Note: Daniel W. Krasner of Wolf Haldenstein Adler Freeman & Herz, the attorney quoted in the article as a spokesperson for the various firms representing a purported class of Bear Stearns shareholders, had agreed to report on the case and respond to questions at the Forum's previously announced May 14, 2008 open meeting

 

Reuters, May 7, 2008 article

 

 

Bear Stearns investors drop bid to block buyout

Wed May 7, 2008 2:08pm EDT

By Martha Graybow

NEW YORK (Reuters) - Bear Stearns Cos Inc (BSC.N: Quote, Profile, Research) shareholders suing over the planned JPMorgan Chase & Co. (JPM.N: Quote, Profile, Research) takeover are dropping efforts to block the deal but will seek damages of at least $2.8 billion, an attorney for the plaintiffs said on Wednesday.

Investors have withdrawn a motion in New York State Supreme Court for a preliminary injunction aimed at halting the deal, said Daniel Krasner, a senior partner at law firm Wolf Haldenstein Adler Freeman & Herz LLP. A hearing on that request had been scheduled for Thursday.

But Krasner said the shareholder case would continue, with investors seeking damage claims. JPMorgan is offering $10 a share for Bear stock, which Krasner said is much too low. The shares should be valued at a minimum of $30 each, he said.

"We think it's in the best interests of the Bear stockholders to let the transaction proceed and sue for damages," Krasner told Reuters. "We think that monetary recovery is all that is really available to the Bear stockholders at the end of the day."

There is now little in the way of legal challenges standing in the way of JPMorgan completing the planned buyout of the troubled investment bank, which was first announced in March. Bear Stearns shareholders are set to vote on the deal on May 29.

Krasner, one of several lawyers representing the plaintiffs, said that the attorneys decided to change their strategy after considering all of the facts in the case.

It now "is inevitable that JPMorgan is going to acquire Bear -- the only question is what is a fair price," he said. "The lawsuit will continue as a damage claim. We believe that we are entitled to a jury trial on that."

A Bear Stearns spokesman was not immediately available for comment.

The preliminary injunction request had sought to prevent JPMorgan from voting its newly acquired stake of 39.5 percent of Bear Stearns shares. A pretrial conference will be held on Thursday instead, according to a copy of a letter sent by Krasner to New York State Supreme Court Justice Herman Cahn, who is overseeing the case.

The lawsuit was brought by investors including the Louisiana Municipal Police Employees' Retirement System and other pension funds.

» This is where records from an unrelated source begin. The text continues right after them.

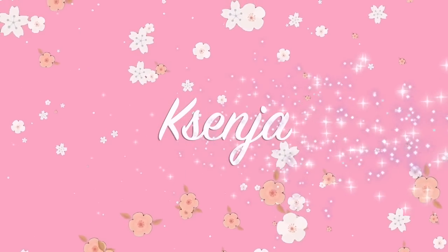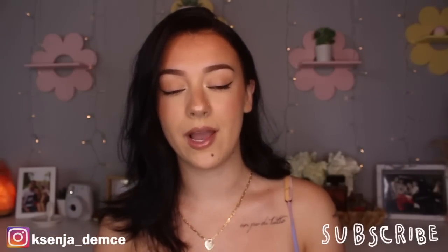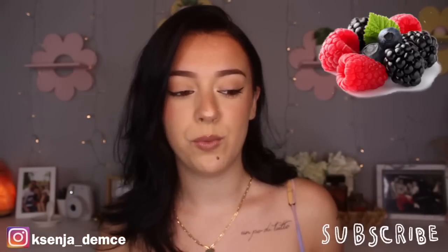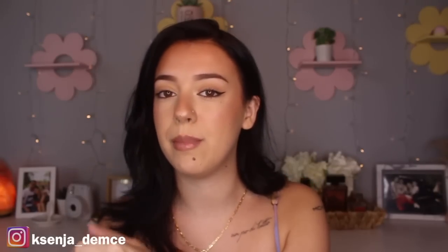Hi guys, it's Xenia. Welcome back to my channel. So in today's video I thought I would do a video on one of my all-time favorite notes, which is berries. If you've been following me, any perfume, any body mist, literally any scent — lotion, whatever — any scent that has berries in it, I'm all about it. It is something that I seek out whenever I buy perfumes or body sprays.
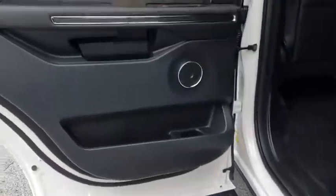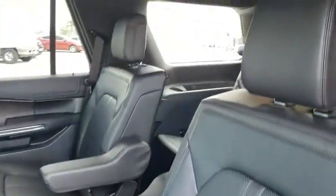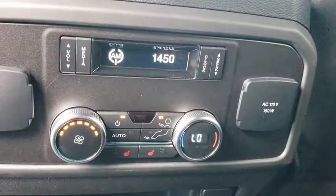Tow hitch, power passenger seat, anti-lock braking system, leather wrapped steering wheel, Bluetooth, power steering, adjustable steering wheel, auto dimming rear view mirror, aluminum wheels, keyless start, cruise control, four-wheel disc brakes.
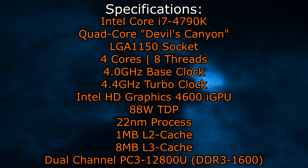The same Intel HD Graphics 4600 iGPU is used, and the TDP got a little higher — it's 88W now. It's still the 22nm process. 1MB of Level 2 cache and 8MB of Level 3 cache is offered here. This CPU supports dual-channel DDR3-1600 memory natively. Now let's take a look at the satanic benchmarks.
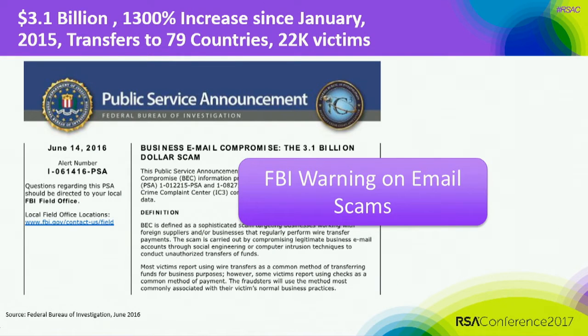We've also seen $3.1 billion in business email transfers to 79 countries with 22,000 victims. That's a lot of money. Talking to a Secret Service agent, they said once it gets past this 24-hour period, the money is just gone — there's no way the banking system can even get it back for you.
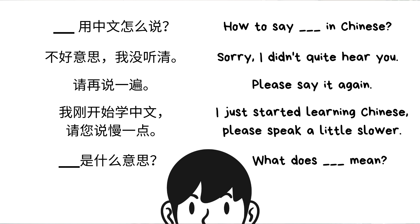The fourth one: 我刚开始学中文 — I just started learning Chinese. 请您说慢一点 — please speak a little slower. The fifth one: something 是什么意思 — what does something mean?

They accuse Bear's board of directors of violating its fiduciary duties to shareholders in agreeing to the JPMorgan deal, saying the terms are unfair and precluded any other bidders from emerging.

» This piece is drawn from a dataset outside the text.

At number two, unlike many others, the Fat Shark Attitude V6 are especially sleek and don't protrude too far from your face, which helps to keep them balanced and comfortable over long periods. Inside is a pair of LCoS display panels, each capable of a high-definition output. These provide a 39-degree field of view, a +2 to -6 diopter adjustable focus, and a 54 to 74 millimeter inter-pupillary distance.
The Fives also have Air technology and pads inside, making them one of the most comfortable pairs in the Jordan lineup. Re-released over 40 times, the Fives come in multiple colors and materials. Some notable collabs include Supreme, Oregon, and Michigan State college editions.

JPMorgan initially agreed to buy Bear Stearns for $2 a share as the investment bank verged on collapse amid concern that the company did not have enough capital to keep going. The offer was later raised to $10 a share.

A separate shareholder lawsuit in Delaware Chancery Court was put on hold in April, with the judge in that case citing the parallel litigation in New York. Plaintiffs' lawyers in both cases are now working together on the New York lawsuit.

Bear shares were down 46 cents, or 4.2 percent, at $10.38 in afternoon trading on the New York Stock Exchange. JPMorgan stock was down 91 cents, or 1.9 percent, at $47.29, also on the NYSE.